▸ Supplied entries:
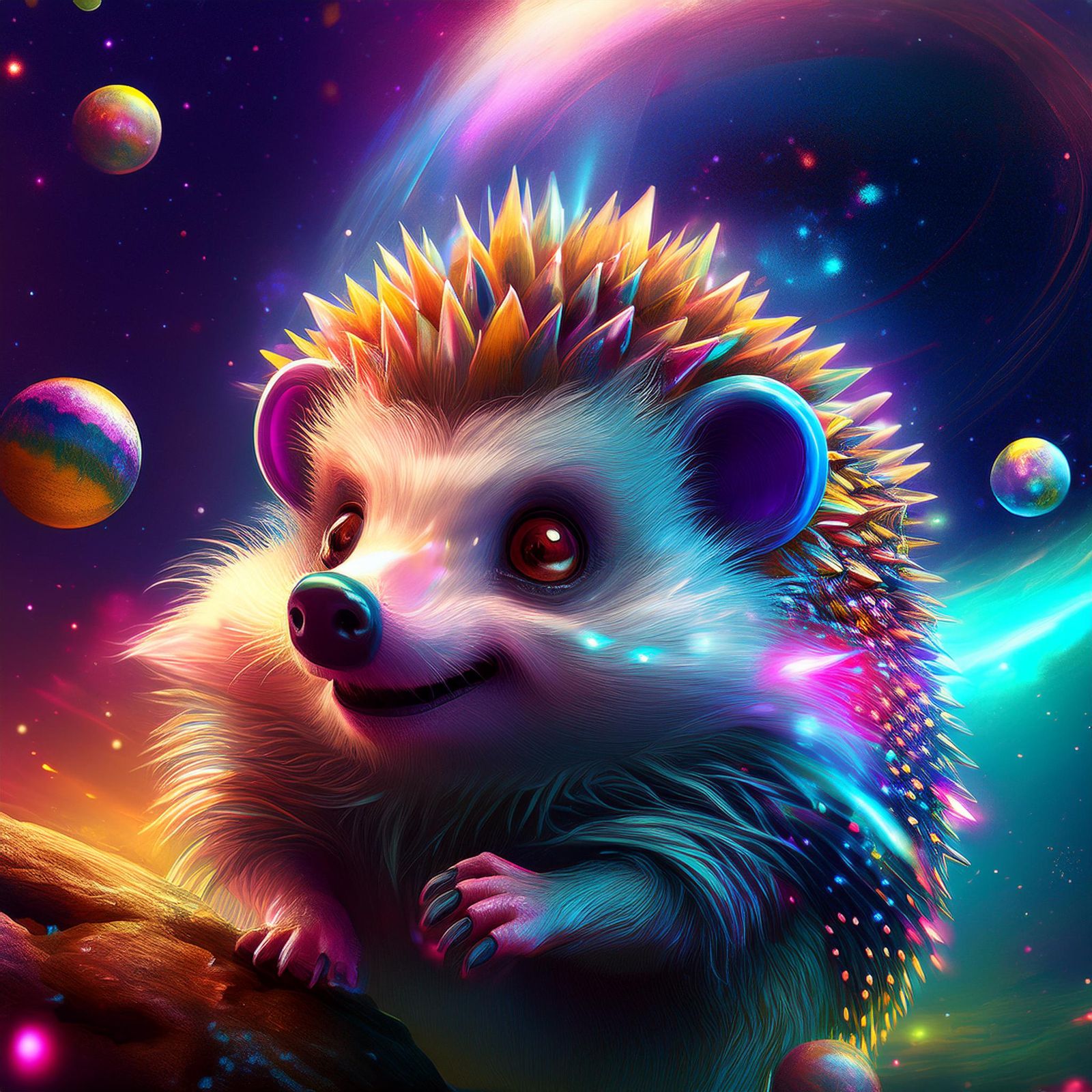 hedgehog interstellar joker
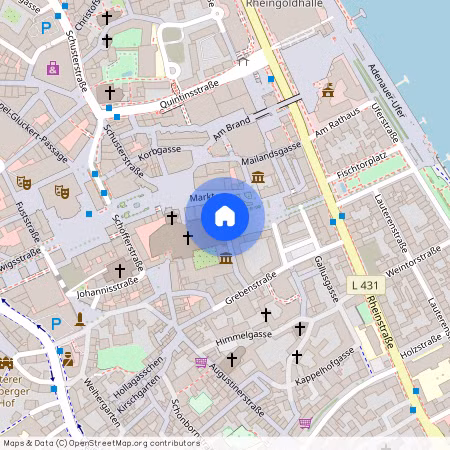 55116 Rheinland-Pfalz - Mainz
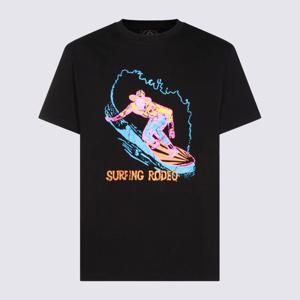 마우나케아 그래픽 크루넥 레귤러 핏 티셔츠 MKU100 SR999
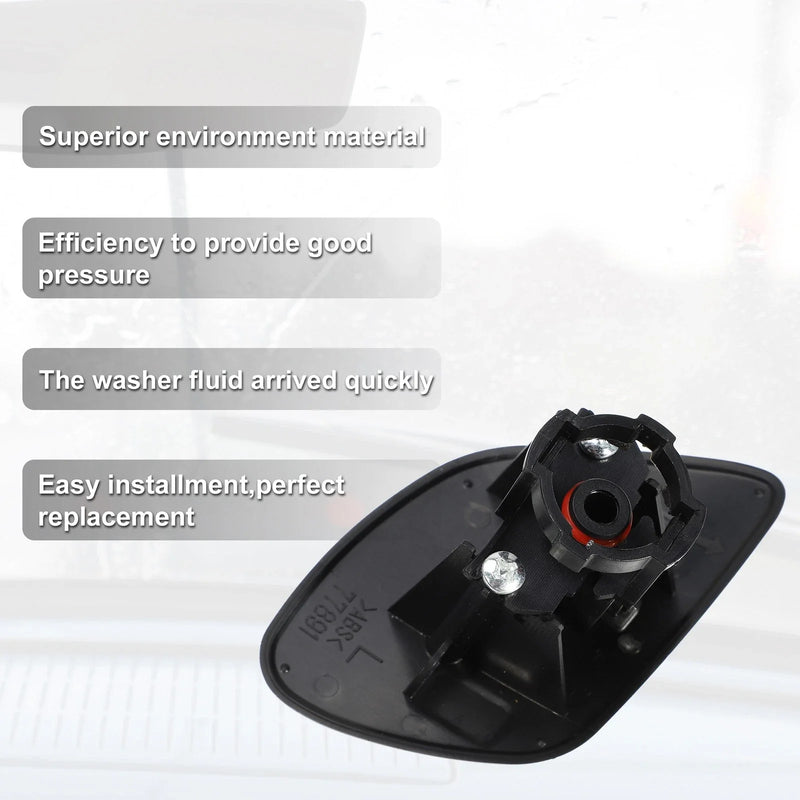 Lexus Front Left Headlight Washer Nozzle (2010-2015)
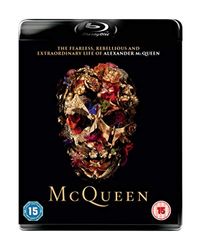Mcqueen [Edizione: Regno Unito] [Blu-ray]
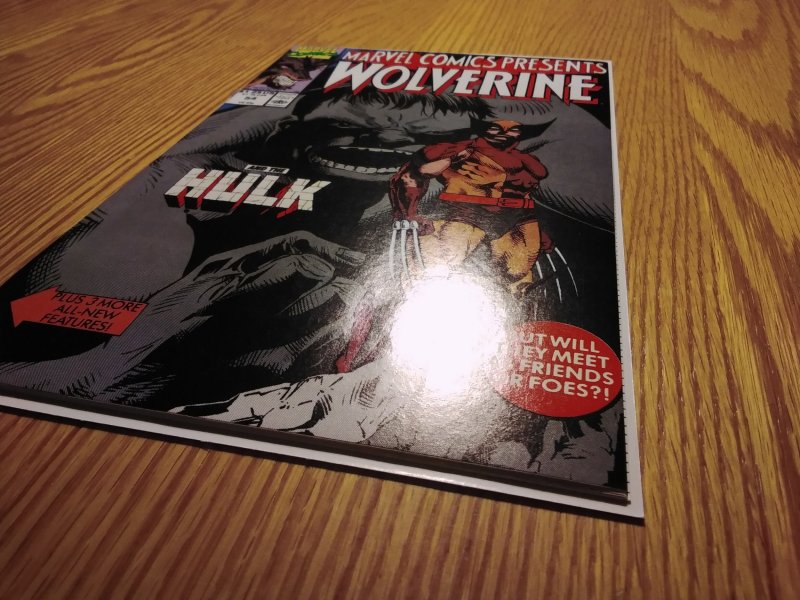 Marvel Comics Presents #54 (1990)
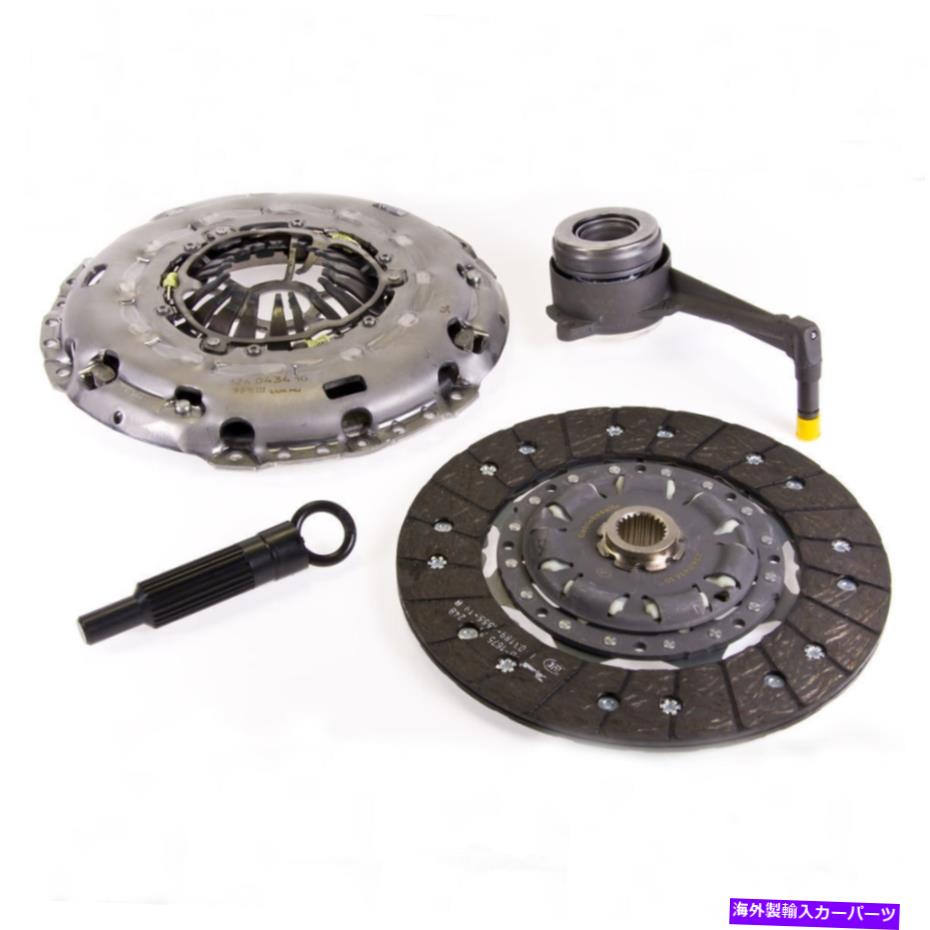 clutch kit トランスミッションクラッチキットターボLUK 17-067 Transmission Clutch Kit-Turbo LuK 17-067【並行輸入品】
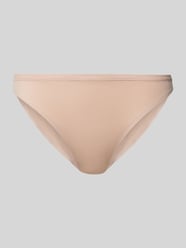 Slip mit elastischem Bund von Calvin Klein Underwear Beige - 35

▸ What the task asks:
Pictures aren't part of the copy; return each record above exactly.

▸ Solution for this task:
 hedgehog interstellar joker
 55116 Rheinland-Pfalz - Mainz
 마우나케아 그래픽 크루넥 레귤러 핏 티셔츠 MKU100 SR999
 Lexus Front Left Headlight Washer Nozzle (2010-2015)
Mcqueen [Edizione: Regno Unito] [Blu-ray]
 Marvel Comics Presents #54 (1990)
 clutch kit トランスミッションクラッチキットターボLUK 17-067 Transmission Clutch Kit-Turbo LuK 17-067【並行輸入品】
 Slip mit elastischem Bund von Calvin Klein Underwear Beige - 35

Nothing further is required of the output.